Take solace in the fact that college will be better. High school is big now, but compared to later, it can be a minor footnote, if you let it.

No, I’m not bitter. Really. I’m not. Stop looking at me that way. K. I’m going over here now.

wundayatta's avatar

Boy, high school was definitely the worst!!!! I was lonelier than a martian lander. It got so depressing. I mean really, really depressing. Also, unfortunately, no matter what people say, looks are a key attraction. It’s built into us. However, you can be sure there are probably more boys who have the same problem you do.

You probably don’t notice them. You probably only see the attractive guys—the popular ones who are big in sports, too. They’re the ones that all the girls cluster around. They can afford to be jerks.

You may not notice the less attractive, less confident, shorter boys. They’re shy. Afraid to talk to you, because you might reject them (they are, after all, not very good looking). Maybe they have few friends. Even if they do have friends, they don’t treat the girls like status objects.

I know it is not popular, these days, as we seem to revert to a more regressive era, but go ahead. Make the first move. Talk to them. Persist. They may be so confused the first few times you talk to them, that they act like idiots. I know, it takes guts to approach. That’s the problem these boys have, too. I never had a date in high school. It was much too frightening for me.

While I was then and am now a loser as far as status is concerned, I’ve got many talents, and I’m not doing too badly. I even have a couple of beautiful kids who don’t look like they are mine if you look at how cute they are. Somehow, my kids took my mishapen visage, straightened it all out, and made it look good!

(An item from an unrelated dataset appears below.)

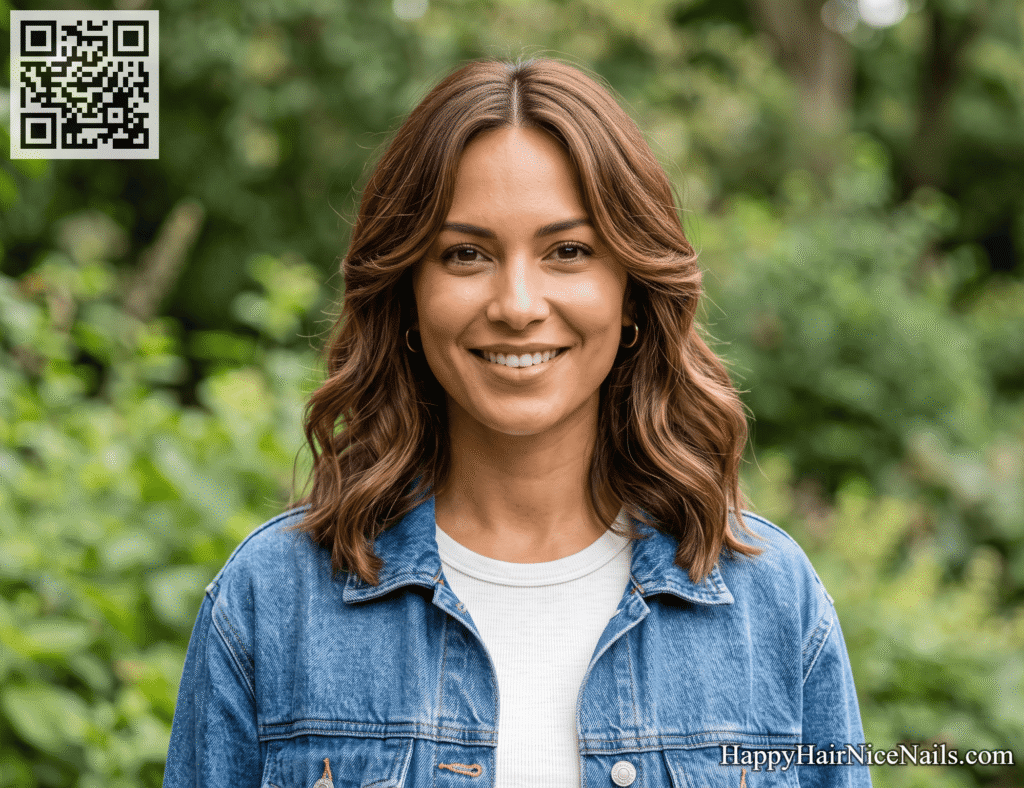 Curtain Layers Long Bob Hairstyles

My point is that things can be ok after a while. Things are often get better in college, although that can seem so far away. After college, they slowly, slowly improve. Hang in there. Your time will come. You’ll even have the last laugh. Your brains will finally be appreciated when you enter the work world. The jocks, unless they do very very well on the field, often end up struggling through life. High school turned out to be their finest moment.

augustlan's avatar

Hugs to you…

njohnson's avatar

im not a jerk dont assume all guys are the same theres someone out there for u just wait! :)

loser's avatar

Testosterone

Comedian's avatar

@johnson: I’m not assuming that. But 98% of the guys at my school have convinced me that most of them are.

See this is why I like older men. This is why I like Tim Curry, Keith Allen, Sean Connery, Jonathan Crombie, or Dale Hensley. I like them because in my book they have all matured. Now I can’t say that for sure, since I haven’t met them. Well I’ve met Jon and Dale and they are AMAZINGLY nice. But all the guys my age or around it are jerks to me. So I resort to older men.

loser's avatar

I agree, older men rock!

ihbh's avatar

i know what you are talking about. its like as soon as one guy stops liking you they all turn on you. i feel ignored everyday. at my old school i only had guys friends, we hung out all the time and the girls hated me from drama in the past. now at my new school its just impossible to find a good guy friend. its tough. i wish i could write advice, but reading your question, i badly had to respond because we are in the same awful situation. homecoming is so lame, im in high school and i can already see myself looking back later and wondering why i even gave a shit. good luck!

Comedian's avatar

Thanks and welcome

I just ended up asking a guy from my church. He is really nice to me (I guess there is one good guy out there(and toooootally hot)) too.